Perlmutter (NERSC)¶
Build and run guidance for ERF on NERSC Perlmutter. For shared build concepts (machine profiles, Cray detection, script reference), see Machine Profiles, Cray Detection, Build Scripts, and Workstation Builds.
Simple build using GNU compiler and CUDA:
# Load environment
module load PrgEnv-gnu cudatoolkit cray-mpich cray-netcdf-hdf5parallel
# Navigate to Exec
cd ${ERF_HOME}/Exec
# Build
make -j4 COMP=gnu USE_MPI=TRUE USE_CUDA=TRUE
This produces an executable like ERF3d.gnu.MPI.CUDA.ex.
Using the provided build script:
# Load environment
source $ERF_HOME/Build/machines/perlmutter_erf.profile
# Configure and build (out-of-source)
mkdir build && cd build
../Build/cmake_with_kokkos_many_cuda.sh
Executable location: build/Exec/erf_exec (or install/bin/erf_exec if installed)
Or manual configuration:
cmake -DCMAKE_BUILD_TYPE=Release \
-DERF_ENABLE_MPI=ON \
-DERF_ENABLE_CUDA=ON \
-DERF_ENABLE_NETCDF=ON \
-DERF_ENABLE_RRTMGP=ON \
..
make -j4
This example runs ERF on 4 nodes with GPU-aware MPI enabled.
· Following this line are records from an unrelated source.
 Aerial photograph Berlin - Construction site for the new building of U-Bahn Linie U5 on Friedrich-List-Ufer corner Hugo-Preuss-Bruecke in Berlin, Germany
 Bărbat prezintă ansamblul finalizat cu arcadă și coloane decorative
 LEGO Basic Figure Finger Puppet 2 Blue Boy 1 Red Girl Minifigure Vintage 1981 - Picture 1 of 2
Before submitting, load the environment:
source $ERF_HOME/Build/machines/perlmutter_erf.profile
# Run from scratch filesystem with executable and inputs in same directory
mkdir -p $PSCRATCH/ERF/rundir
cd $PSCRATCH/ERF/rundir
# Verify paths before launching
ls -lh ./ERF3d.*.ex inputs
Job submission script:
#!/bin/bash
#SBATCH --account=m4106_g
#SBATCH --nodes=4
#SBATCH --ntasks-per-node=4
#SBATCH --gpus-per-node=4
#SBATCH --gpu-bind=none
#SBATCH --time=00:30:00
#SBATCH --constraint=gpu&hbm40g
#SBATCH --job-name=ERF
#SBATCH --output=erf_%j.out
# GPU-aware MPI optimizations
export MPICH_OFI_NIC_POLICY=GPU
export MPICH_GPU_SUPPORT_ENABLED=1
export SLURM_CPU_BIND="cores"
# Launch with CUDA device ordering
srun -n 16 --cpus-per-task=4 --cpu-bind=cores bash -c "
export CUDA_VISIBLE_DEVICES=\$((3-SLURM_LOCALID));
./ERF3d.gnu.MPI.CUDA.ex inputs amrex.use_gpu_aware_mpi=1"
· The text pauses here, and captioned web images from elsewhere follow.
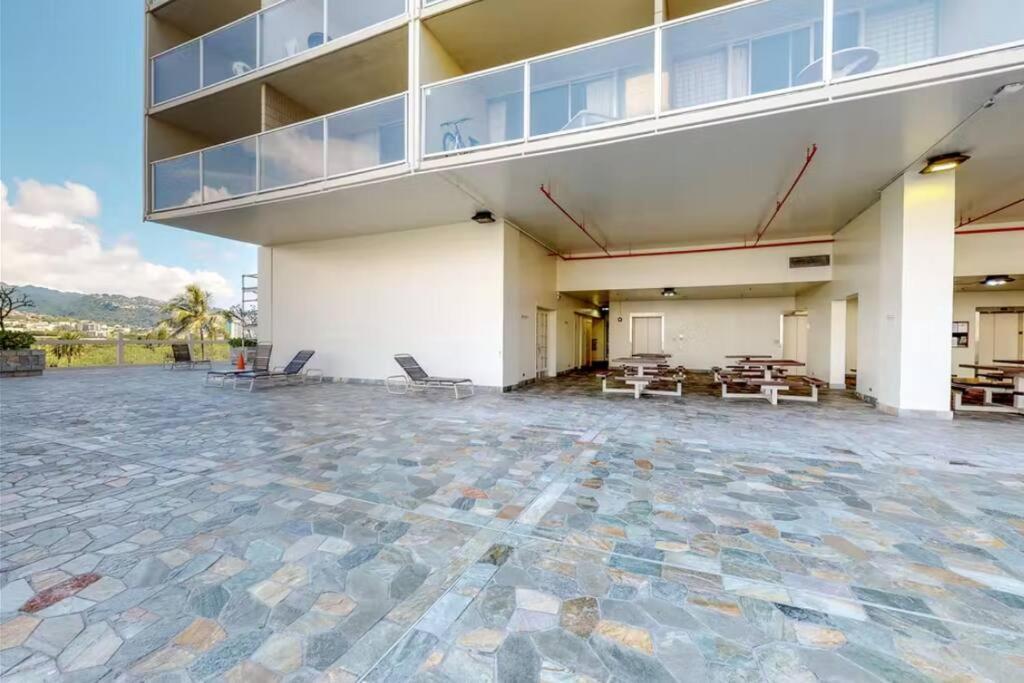 Apartment Ocean View At Island Colony 3915 By Hoc Realty Honolulu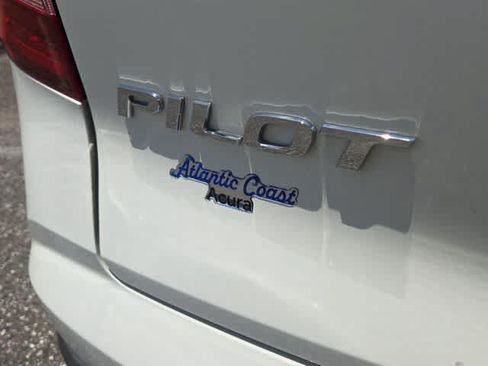 Used 2019 Honda Pilot Touring image 12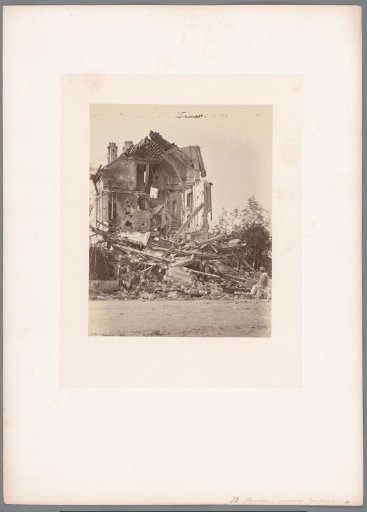Ruin of the Maison du Gare, Asnières, Paris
Submit with: sbatch job_script.sh
For the 256 nodes with 80GB HBM per GPU, replace:
#SBATCH --constraint=gpu&hbm40g
with:
#SBATCH --constraint=gpu&hbm80g
Advanced: AMReX Scaling Tests
Production script demonstrating NIC pinning optimization from the AMReX FFT scaling repository:
#!/bin/bash
#SBATCH --account=mp111_g
#SBATCH --nodes=4
#SBATCH --ntasks-per-node=4
#SBATCH -c 32
#SBATCH --gpus-per-task=1
#SBATCH --gpu-bind=none
#SBATCH --time=00:10:00
#SBATCH --constraint=gpu&hbm40g
#SBATCH --qos=debug
export MPICH_GPU_SUPPORT_ENABLED=1
export SLURM_CPU_BIND="cores"
srun -n 16 ../../old-order.ex amrex.use_gpu_aware_mpi=1 \
n_cell_x=1024 n_cell_y=512 n_cell_z=512 >& run-4-oldorder.ou
srun -n 16 ../../new-order.ex amrex.use_gpu_aware_mpi=1 \
n_cell_x=1024 n_cell_y=512 n_cell_z=512 >& run-4-neworder.ou
export MPICH_OFI_NIC_POLICY=GPU
srun -n 16 ../../old-order.ex amrex.use_gpu_aware_mpi=1 \
n_cell_x=1024 n_cell_y=512 n_cell_z=512 >& run-4-oldorder-nci.ou
srun -n 16 ../../new-order.ex amrex.use_gpu_aware_mpi=1 \
n_cell_x=1024 n_cell_y=512 n_cell_z=512 >& run-4-neworder-nci.ou
Key features:
Uses
--gpus-per-task=1for fine-grained GPU bindingCompares default NIC policy vs
MPICH_OFI_NIC_POLICY=GPUDemonstrates multiple runs with different configurations
WarpX Production Script
Reference implementation from the WarpX project:
#!/bin/bash -l
# Copyright 2021-2023 Axel Huebl, Kevin Gott
#
# This file is part of WarpX.
#
# License: BSD-3-Clause-LBNL
#SBATCH -t 00:10:00
#SBATCH -N 2
#SBATCH -J WarpX
# note: <proj> must end on _g
#SBATCH -A <proj>
#SBATCH -q regular
# A100 40GB (most nodes)
#SBATCH -C gpu
# A100 80GB (256 nodes)
#S BATCH -C gpu&hbm80g
#SBATCH --exclusive
#SBATCH --cpus-per-task=32
# ideally single:1, but NERSC cgroups issue
#SBATCH --gpu-bind=none
#SBATCH --ntasks-per-node=4
#SBATCH --gpus-per-node=4
#SBATCH -o WarpX.o%j
#SBATCH -e WarpX.e%j
# python interpreter & script here
EXE=python3
INPUTS=run_script.py
# or executable & inputs file
#EXE=./warpx
#INPUTS=inputs
# environment setup
if [[ -z "${MY_PROFILE}" ]]; then
echo "WARNING: FORGOT TO"
echo " source $HOME/perlmutter_gpu_warpx.profile"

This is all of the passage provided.